Skiing the Caroline Face: The first descent of the giant southeast face of Aoraki/Mt. Cook
New Zealand, Southern Alps
This historic descent was made in October 2017 but was not previously reported in the AAJ. This is a first-person account.
The Caroline Face—the huge, steep, serac-laden southeast face of Aoraki/Mt. Cook, New Zealand’s highest peak (3,724m), had been in the consciousness of small groups of dedicated steep skiers for some time. There had been several attempts by high-profile teams, and it was widely publicized in a 2010 article for ESPN featuring the biggest, gnarliest unskied faces around the world.
Ross Hewitt and I went for a first attempt in 2015 after our busy summer guiding season in Chamonix was over. Conditions were good that year, and the Caroline looked very white. However, the steep and crumbling middle serac band deterred us from making an attempt. It was only after studying aerial photos that we spotted a potential line, traversing the face far to lookers’ right and bypassing the middle seracs by taking a couloir and face much closer to the east ridge. By the time we envisaged this as an option, we ran short of time and weather.
Ross and I were eager to return. The trip was an easy sell to fellow Brit Ben Briggs and Italian Enrico Mosetti, two of the strongest and most enthusiastic steep skiers I know. Unfortunately, Ross had to pull out due to a back injury. When Ben, Enrico, and I arrived in Aoraki/Mt. Cook Village, Cam Mulvey, the guardian at the Wyn Irwin Lodge, showed us a recent photo of the Caroline in which we spotted a weakness in the middle serac band that hadn’t been there in 2015. It appeared there was some sort of ramp breaking through it. This was confirmed when we flew past the face, en route to the Plateau Hut, and zoomed in on our photos.

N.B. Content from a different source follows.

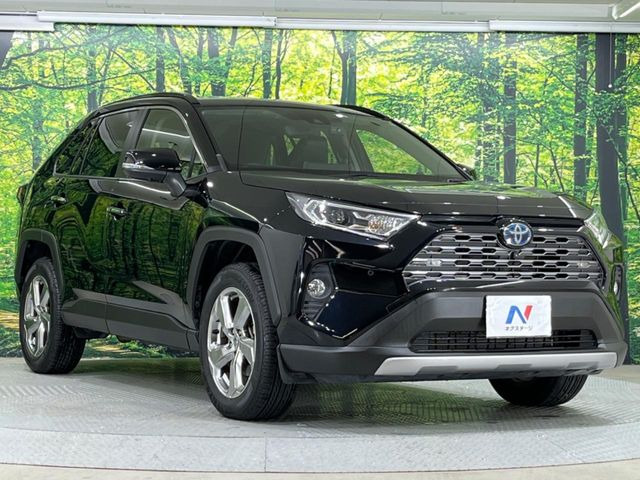 高透明度のガラス皮膜で撥水はもちろん、上質なツヤ・光沢を実現。紫外線や酸性雨から大切な愛車を保護し、色あせ・劣化を防止。「弾スプラッシュコート」、「弾プリミッサコート」からお選びいただけます。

We set our alarms for midnight on October 27. Leaving the hut just after 1 a.m., we set out toward the east ridge, skinning under the east face to join the ridge as high as we could. On the face we encountered chest-deep breakable crust, and this, combined with a minor route-finding error, cost us some time. Nevertheless, in the absence of a compelling reason for turning back, we toiled on and upward. Reaching the east ridge, we broke trail on some delicate knife-edge arêtes loaded with fresh snow. On a section of exposed ice near the top, we got the rope out and moved together for the last 100m, topping out just before 9 a.m.
Our descent began from Porter Col, at about 3,550m, between the Low and Middle peaks of Aoraki/Mt. Cook. Setting up V-thread anchors, we made two abseils over unskiable 60–80° ice, totalling about 100m. As soon as our team touched down on the face, we were delighted to find cold, compact, and stable powder snow on the sustained 50° face. The skiing was consistent and open on beautiful pitches all the way down to the middle serac band. The three of us ski substantially steeper runs in the Alps, so the skiing itself was not the crux—we had to nail the route-finding in order to ski the face safely and in good time. What looked obvious from below was not always obvious when on the face itself. Skiing into the ramp that we’d spotted on the middle serac band, I set up our final abseil on another V-thread anchor. Only 40m later, we reached the lower slopes.
For the first time we were now fully exposed to the active seracs overhead. The snow got a bit wet but remained very skiable, and we skied a long and fast, leg-burning pitch, trending leftward toward the exit we had scouted, the only feasible way off the face. Ben spotted the crumbling serac cave that we had earmarked as our reference point. An hour and a half after leaving Porter Col we were safely off the face. We exited at around 1,900 meters, having skied approximately 1,650 vertical meters.
The Caroline is the biggest face the three of us have ever skied, and it rightly deserves its mythical status within New Zealand mountaineering. However, the last couple of very warm summers have drastically altered the middle serac band, making it a lot less appealing for ski descents. The three of us couldn’t have been happier to succeed when we did, knowing that we had skied it with what felt like a solid margin of safety.
By Tom Grant, U.K.
Additional Aoraki/Mt. Cook Descents: In November 2019, Ross Hewitt and Dave Searle skied a possible new line on the lower Caroline Face, dropping in from the east ridge for a 650m descent. The two also made the second known descent of the Bowie Couloir on the north face. The latter was first skied in 2013 by Andreas Fransson and Magnus Kastengren (Sweden). Shortly afterward, Kastengren took a fatal fall from near the summit of Aoraki/Mt. Cook as he and Fransson began an attempt to ski the Caroline Face.